Sunday, May 2, 2021

Chickpea, Quinoa and Feta Salad

 8 oz green beans, halved crosswise

Kosher salt

1 cup quinoa

1 sp olive oil

1/4 cup raw sunflower seeds

1 (15.5 oz) can chickpeas, rinsed

4 oz feta, crumbled

2 Tbsp chopped fresh dill

2 Tbsp fresh lemon juice

Toasted Spice Vinaigrette (recipe below)


Cook green beans in a large pot of boiling salted water until crisp-tender, about 4 minutes.  Using a slotted spoon, transfer to a bowl of ice water.

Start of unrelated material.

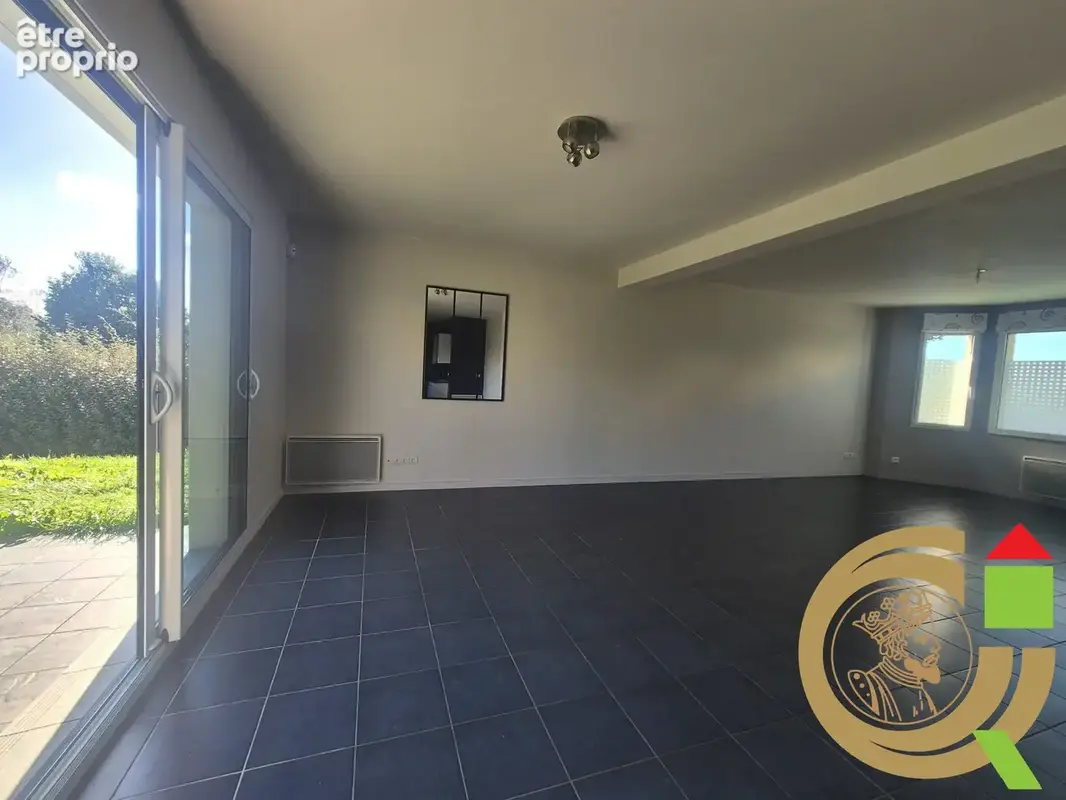 Maison 5 pièces 133 m² à vendre à Etaples (62630) - photo 4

Return water to a boil, add quinoa (or barley, farro or brown rice), and simmer until tender (refer to packaging for timing); drain.  Let cool on a baking sheet.

Heat oil in a small skillet over medium heat.  Cook sunflower seeds, tossing occasionally, until golden brown, about 5 minutes; let cool.

Toss green beans, quinoa, sunflower seeds, chickpeas, feta, dill, lemon juice, and vinaigrette in a large bowl.


Toasted Spice Vinaigrette:

1 tsp coriander seeds

1 tsp cumin seeds

1 tsp fennel seeds

1/4 cup olive oil

2 Tbsp white wine vinegar

1 tsp Dijon mustard

Kosher salt

freshly ground pepper


Toast coriander, cumin, and fennel seeds in a dry small skillet over medium heat, tossing, until fragrant, about 3 minutes.  Let cool, then chop.  Whisk with oil, vinegar, and mustard in a small bowl; season with salt and pepper.

Do ahead: Vinaigrette can be made 4 days ahead.  Cover and chill.